Adverse Reactions in Placebo-Controlled Trials
In the two well-controlled studies demonstrating effectiveness, 1529 patients received dimethyl fumarate with an overall exposure of 2244 person-years
[see Clinical Studies (
14)].
The adverse reactions presented in the table below are based on safety information from 769 patients treated with dimethyl fumarate 240 mg twice a day and 771 placebo-treated patients.

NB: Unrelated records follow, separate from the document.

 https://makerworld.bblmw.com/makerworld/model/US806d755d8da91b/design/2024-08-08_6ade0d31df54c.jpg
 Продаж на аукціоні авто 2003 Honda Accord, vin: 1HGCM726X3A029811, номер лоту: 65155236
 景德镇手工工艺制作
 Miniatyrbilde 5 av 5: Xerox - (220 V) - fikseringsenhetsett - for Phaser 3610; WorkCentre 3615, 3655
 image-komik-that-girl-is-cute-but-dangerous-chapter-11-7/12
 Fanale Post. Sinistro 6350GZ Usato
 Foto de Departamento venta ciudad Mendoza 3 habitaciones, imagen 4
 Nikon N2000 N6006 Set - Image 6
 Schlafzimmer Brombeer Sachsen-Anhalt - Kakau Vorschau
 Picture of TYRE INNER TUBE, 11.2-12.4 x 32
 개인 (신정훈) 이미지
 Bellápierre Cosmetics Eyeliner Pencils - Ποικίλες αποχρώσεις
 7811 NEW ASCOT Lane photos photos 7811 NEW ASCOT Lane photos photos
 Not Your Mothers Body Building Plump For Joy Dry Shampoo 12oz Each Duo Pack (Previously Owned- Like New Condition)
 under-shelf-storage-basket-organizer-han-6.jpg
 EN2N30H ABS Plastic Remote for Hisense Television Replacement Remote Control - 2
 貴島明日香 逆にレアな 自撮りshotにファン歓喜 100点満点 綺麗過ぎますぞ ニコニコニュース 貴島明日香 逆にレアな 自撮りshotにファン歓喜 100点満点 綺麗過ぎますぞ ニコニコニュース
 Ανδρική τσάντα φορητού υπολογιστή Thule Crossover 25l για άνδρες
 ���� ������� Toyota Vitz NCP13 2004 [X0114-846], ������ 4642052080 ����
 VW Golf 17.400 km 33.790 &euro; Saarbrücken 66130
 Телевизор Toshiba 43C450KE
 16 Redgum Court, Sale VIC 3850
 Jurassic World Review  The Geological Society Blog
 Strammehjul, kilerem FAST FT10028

Table 1: Adverse Reactions in Study 1 and 2 reported for Dimethyl Fumarate 240 mg BID at ≥ 2% higher incidence than placebo
| Dimethyl Fumarate N=769 % | Placebo N=771 % |
| | |
| Flushing
| 40
| 6
|
| Abdominal pain
| 18
| 10
|
| Diarrhea
| 14
| 11
|
| Nausea
| 12
| 9
|
| Vomiting
| 9
| 5
|
| Pruritus
| 8
| 4
|
| Rash
| 8
| 3
|
| Albumin urine present
| 6
| 4
|
| Erythema
| 5
| 1
|
| Dyspepsia
| 5
| 3
|
| Aspartate aminotransferase increased
| 4
| 2
|
| Lymphopenia
| 2
| <1
|
Gastrointestinal
Dimethyl fumarate caused GI events (e.g., nausea, vomiting, diarrhea, abdominal pain, and dyspepsia). The incidence of GI events was higher early in the course of treatment (primarily in month 1) and usually decreased over time in patients treated with dimethyl fumarate compared with placebo. Four percent (4%) of patients treated with dimethyl fumarate and less than 1% of placebo patients discontinued due to gastrointestinal events. The incidence of serious GI events was 1% in patients treated with dimethyl fumarate.
Hepatic Transaminases
An increased incidence of elevations of hepatic transaminases in patients treated with dimethyl fumarate was seen primarily during the first six months of treatment, and most patients with elevations had levels < 3 times the upper limit of normal (ULN) during controlled trials. Elevations of alanine aminotransferase and aspartate aminotransferase to ≥ 3 times the ULN occurred in a small number of patients treated with both dimethyl fumarate and placebo and were balanced between groups. There were no elevations in transaminases ≥ 3 times the ULN with concomitant elevations in total bilirubin > 2 times the ULN. Discontinuations due to elevated hepatic transaminases were < 1% and were similar in patients treated with dimethyl fumarate or placebo.
Eosinophilia
A transient increase in mean eosinophil counts was seen during the first 2 months of therapy.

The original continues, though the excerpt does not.